Natural gas is typically available at pressures from about 250 psig (pounds per square inch gauge) to about 10,000 psig at temperatures from 80 to about 350° F. from many subterranean gas-bearing formations. This gas is readily processed by well-known technology into liquefied natural gas. Various refrigeration cycles have been used to liquefy natural gas with the three most common being the cascade cycle which uses multiple single component refrigerants and heat exchangers arranged progressively to reduce the temperature of the gas to liquefaction temperature, the expander cycle which expands gas from a high pressure to a low pressure with a corresponding reduction in temperature, and multi-component refrigeration cycles which use a multi-component refrigerant and specially designed heat exchangers to liquefy the natural gas. Combinations of these processes have also been used. LNG is typically transported by sea in cryogenic tanker ships.

As noted previously, both of these methods entail certain disadvantages, i.e. the transportation of natural gas by pipeline is limited by the availability of the pipeline system; therefore, the storage of natural gas in gaseous form in subterranean formations, cavities or surface storage facilities is limited to those areas in which greater quantities of natural gas can be delivered, then can be used during low demand periods. Similarly, the use of liquefied natural gas, which is liquefied at or near the marketplace, is also limited to those areas where an excessive amount of natural gas can be delivered during at least a portion of the year. As indicated previously, this practice also requires the construction and use of cryogenic tanks, which are relatively expensive.

The use of liquefied natural gas which has been liquefied at a production site at a remote location also requires the use of cryogenic storage space and re-gasification equipment at or near the marketplace so that the LNG can be stored until it is desired to re-gasify the LNG and use it.

As noted above, various systems for producing liquefied natural gas from natural gas are well known. Some such systems are shown, for instance, in U.S. Pat. No. 4,033,735, issued Jul. 5, 1977 to Leonard K. Swenson, and U.S. Pat. No. 5,657,643, issued Aug. 19, 1997 to Brian C. Price, and U.S. Pat. No. 3,855,810, issued Dec. 24, 1974 to Simon et al.

Re-gasification systems for re-gasifying liquefied natural gas are also known. These systems can vary widely but include systems such as open rack vaporizers which are typically used with seawater as a heat exchange medium, shell and tube vaporizers which use either seawater, glycol-freshwater mixtures, or propane and an intermediate as the heat exchange medium. Submerged combustion vaporizers, steam-heated vaporizers and ambient air heated vaporizers are other means for re-gasifying liquefied natural gas. A wide variety of vaporizers can be used so long as they are effective to re-gasify the LNG by heat exchange with some suitable heat exchange medium.

Accordingly, in view of the expense of delivering the natural gas to consumers by either of the foregoing methods, continued efforts have been directed to the development of more efficient methods for delivering natural gas from a remote production site to a marketplace more efficiently.

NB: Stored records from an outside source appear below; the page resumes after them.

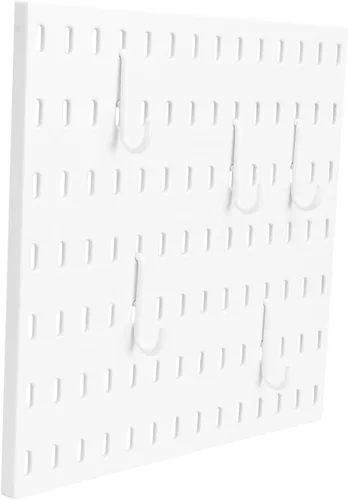 OSALADI 1 juego de estante de plástico para agujeros de pared, organizador de almacenamiento para cocina y baño, incluye ganchos, fuerte capacidad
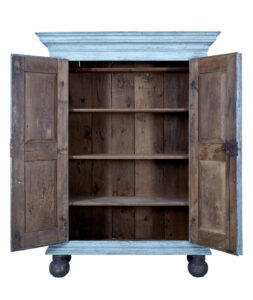 18th Century Painted Carved Oak Baroque Cupboard — thumbnail 2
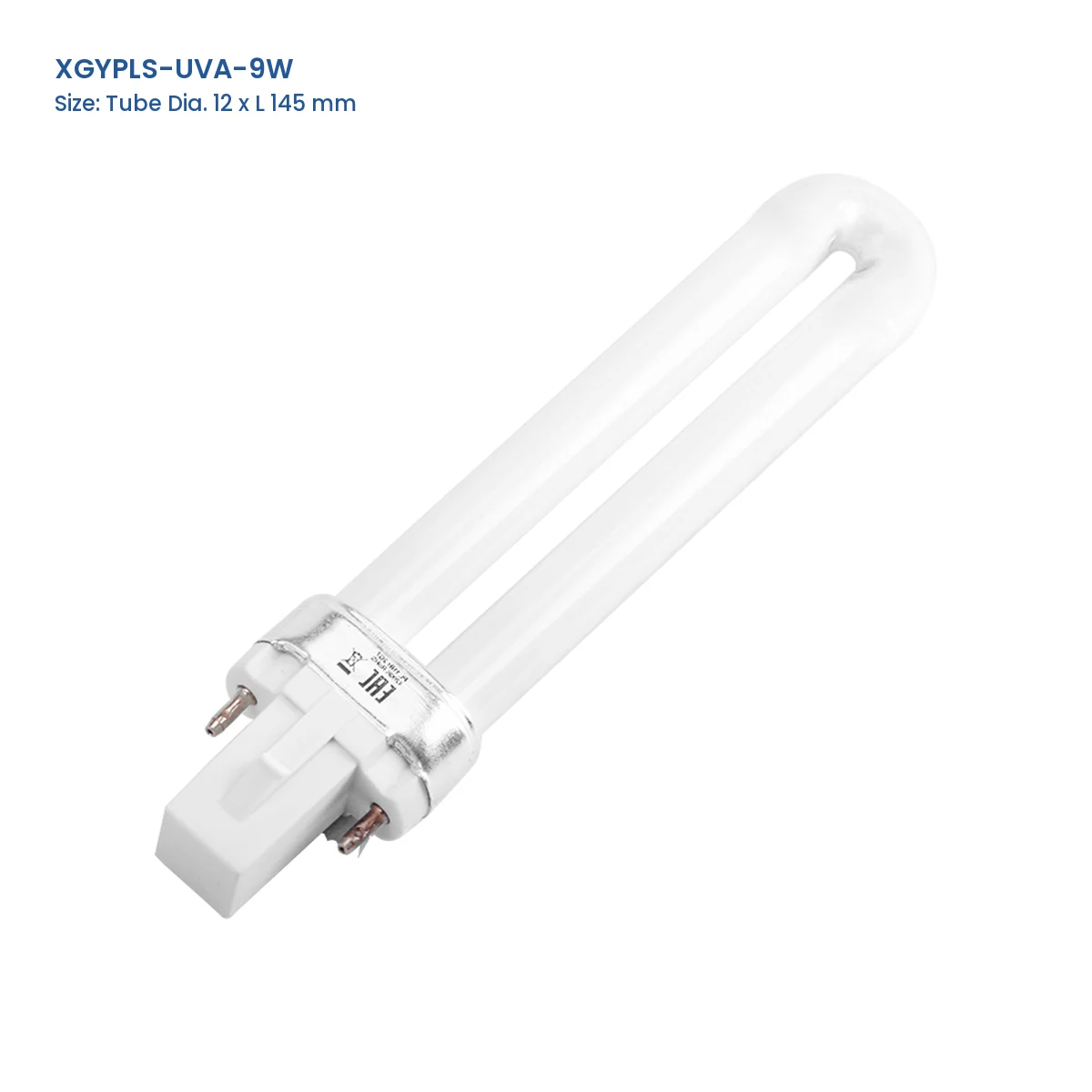 XGYPLS-UVA-9W PL-S UV-A fluorescent lamp, Tube Dia. 12 x L 145 mm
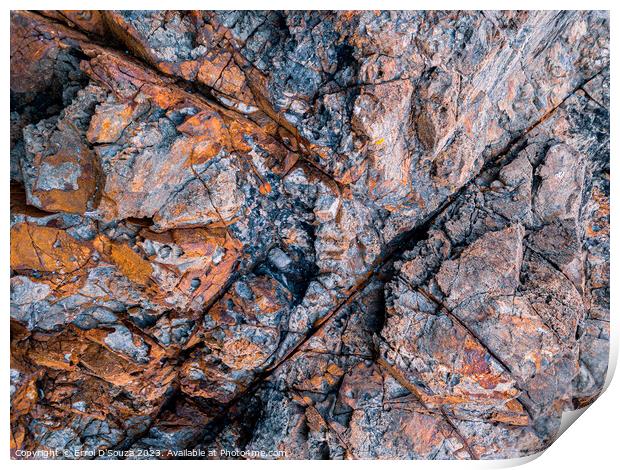 Abstract Rock Textures Print by Errol D'Souza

According to the present invention, a method is provided for efficiently producing, transporting, storing and distributing to a marketplace a natural gas, the method comprises producing the natural gas from a first subterranean formation, liquefying the natural gas to produce a liquefied natural gas, transporting the liquefied natural gas to a re-gasification facility (onshore, offshore or a combination of both), offloading and re-gasifying the liquefied natural gas to produce a re-gasified natural gas at a suitable pressure for injection, and injecting the re-gasified natural gas into a second subterranean formation which is capable of storing natural gas. Production wells and associated facilities with a pipeline to the marketplace are utilized to deliver the stored natural gas to the marketplace from the second subterranean formation.

The FIGURE is a schematic diagram of an embodiment of the present invention.

According to the present invention, a natural gas is efficiently delivered to a marketplace by liquefying the natural gas at or near the production site, transporting the liquefied natural gas to a re-gasification facility, offloading and pressurizing the liquefied natural gas to re-injection pressures, regasifying at pressure and injecting the natural gas into a subterranean formation suitable for storing natural gas as a product for delivery to a marketplace accessible by a distribution system from the second subterranean formation. The re-injection pressure of the gas can be achieved as described above by pressurizing the liquefied natural gas prior to the re-gasification, or by conventional compression equipment for the natural gas after re-gasification, or a combination of both. The re-injection rate of the re-gasified natural gas is equal to the offloading rate of liquefied natural gas thereby eliminating the need for cryogenic liquefied natural gas storage tank facilities at the re-gasification platform. The natural gas is then contained in the second subterranean formation until it is desired to produce the gas for distribution. Production wells and associated facilities with pipeline to the marketplace are utilized to deliver the stored natural gas to the marketplace from the second subterranean formation. The gas may be produced by the same production system previously used to natural gas from the second formation and may be distributed via the same distribution system previously used for the distribution of natural gas from the second subterranean formation.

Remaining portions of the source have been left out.